I have a wiper motor that controls a coffin that lifts the lid up and down. I am using LOR and will be running a light show throughout Halloween and want to use the wiper motor whenever the show is running. The wiper and power source were both purchased through Monster Guts (who, are by the way, an awesome company). Should I be concerned about waterproofing the motor/power unit for inclement weather? If so, anyone have any suggestions about how to protect the motor and power source? Thanks.


----------



## HomeyDaClown (Oct 3, 2009)

The motors do fine in cold and rain, it's the power connections you need to keep dry.
I use heat shrink tubing (the type with hot melt glue inside) to seal my connections.
You can do the same thing with a little lectrical tape and RTV or silicone seal.
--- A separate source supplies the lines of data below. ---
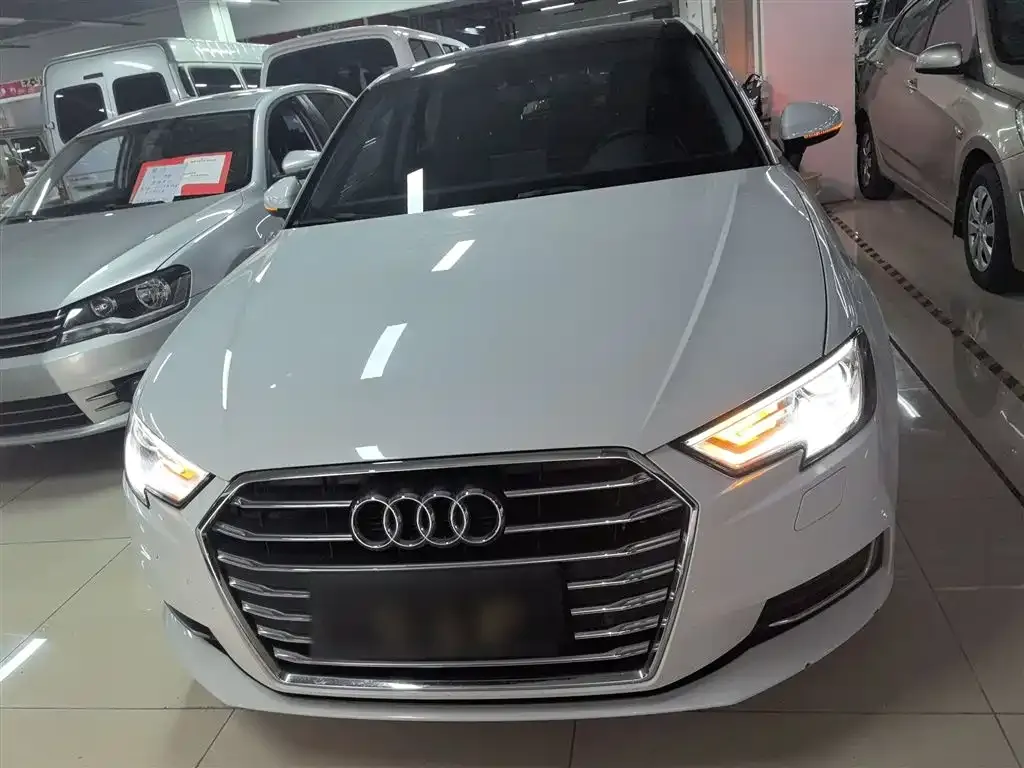Audi A3 2021 из CN, фото 4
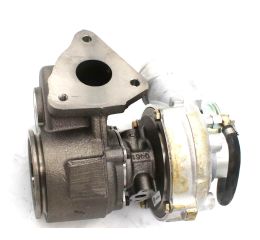 TURBOCHARGER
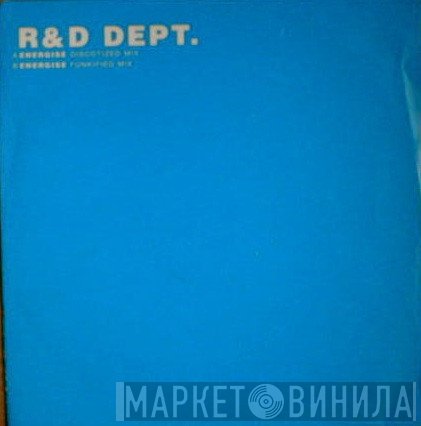 R & D Dept. - Energise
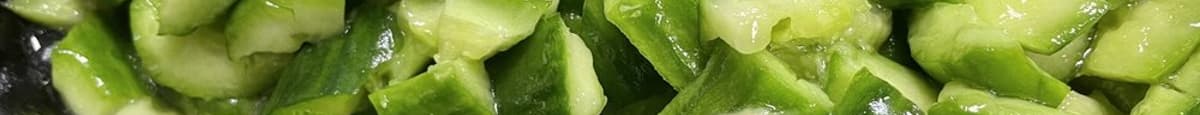 A1. Cucumber Salad 凉拌黄瓜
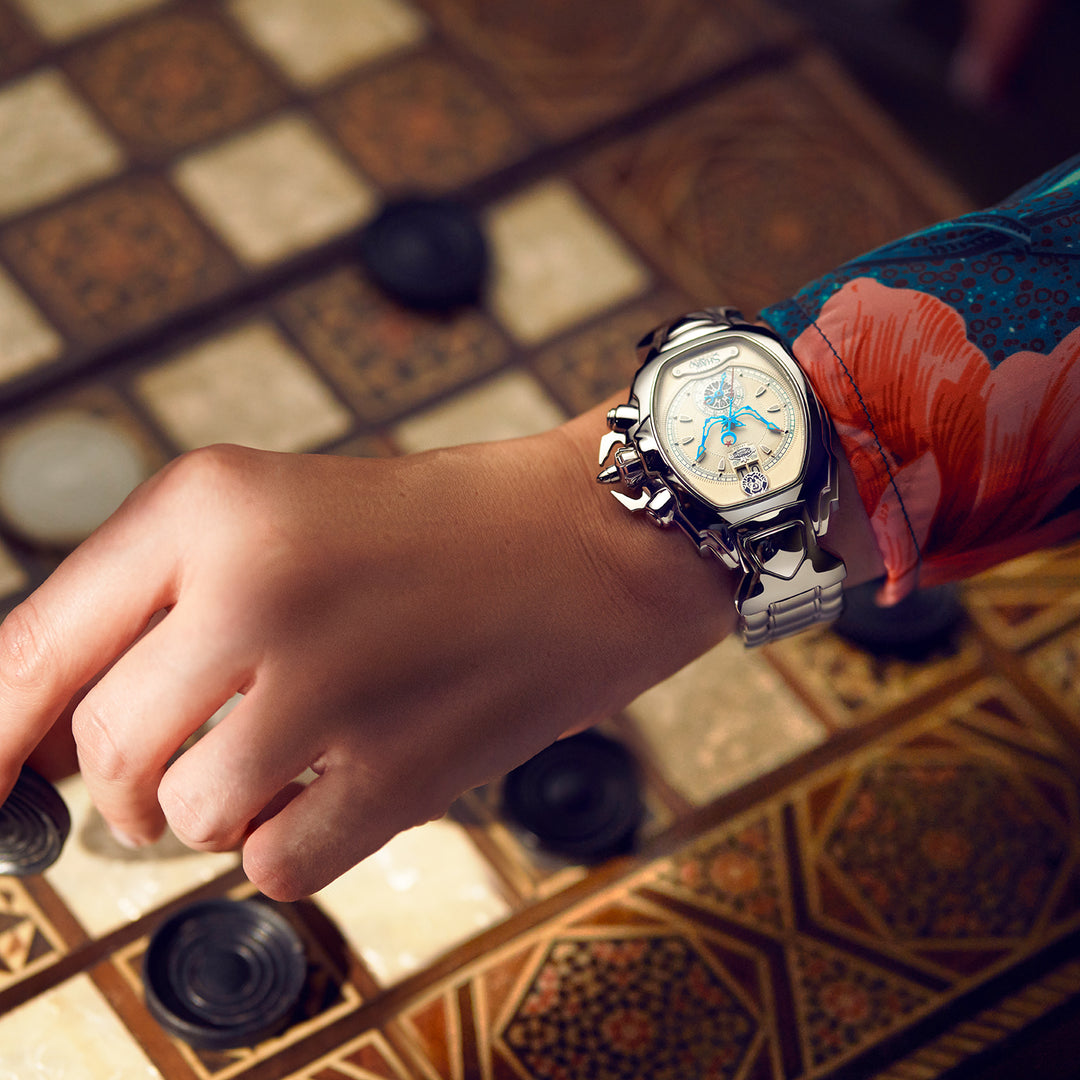 T*a様 ARCH 7 STAR アーチセブンスター　k18ホワイトオニキスブレ ARCH 7 STAR アーチセブンスター k18ホワイトオニキスブレスレット K18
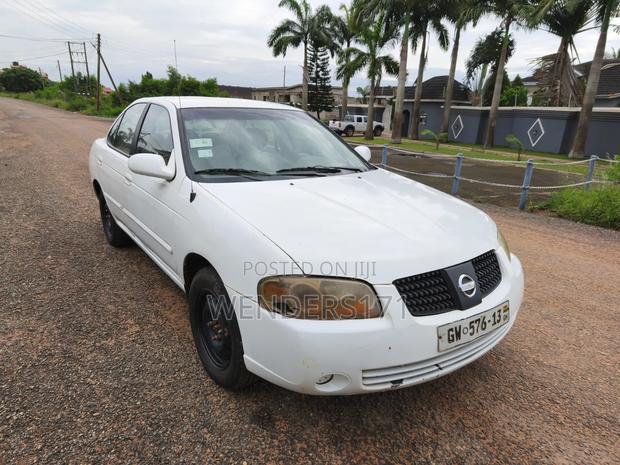 Nissan Sentra 1.8 S 2005 White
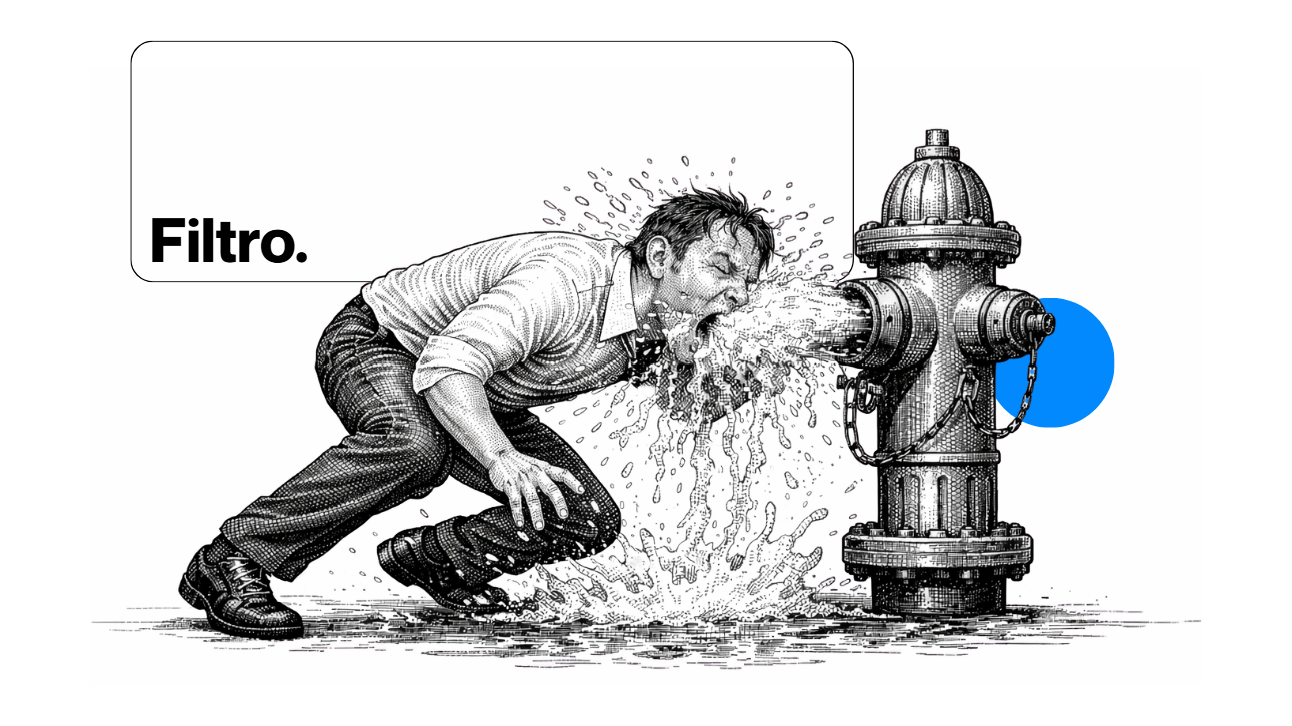 269: como filtrar bem um oceano de conteúdo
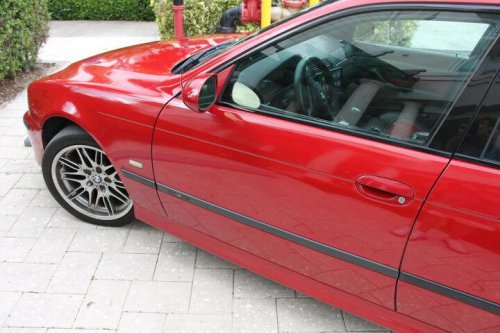 2001 BMW 5 Series For Sale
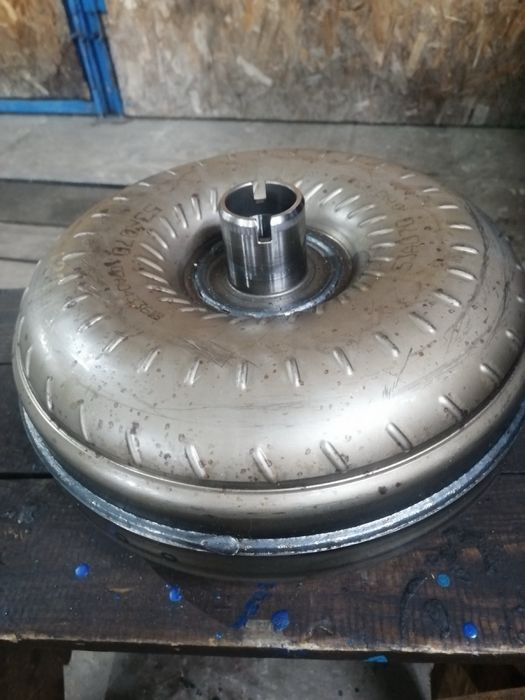 Гідротрансформатор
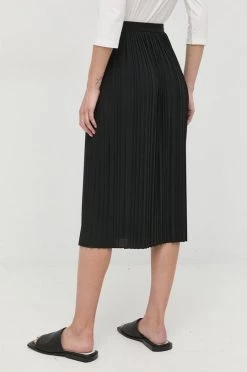 Γυναικεία Φούστες Φούστα Max Mara Leisure μαύρο, -Αξεσουάρ || Παπούτσια || Ρούχα Κατάστημα unnamed file 2440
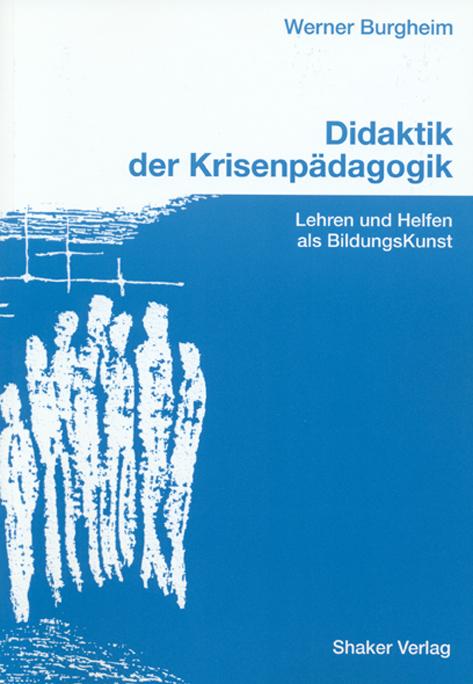 Cover-Bild Didaktik der Krisenpädagogik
On the AC side, I use ziplock bags and electrical or duct tape.


----------



## marsh28 (Dec 2, 2010)

Thanks for the reply. I'll probably opt for the zip lock bag solution.


----------



## lostskeleton (Aug 30, 2011)

The motor will be fine if its not submerged but RTV is awesome for the connectors. Just make sure you are not plugging any holes you might need for heat to escape.


----------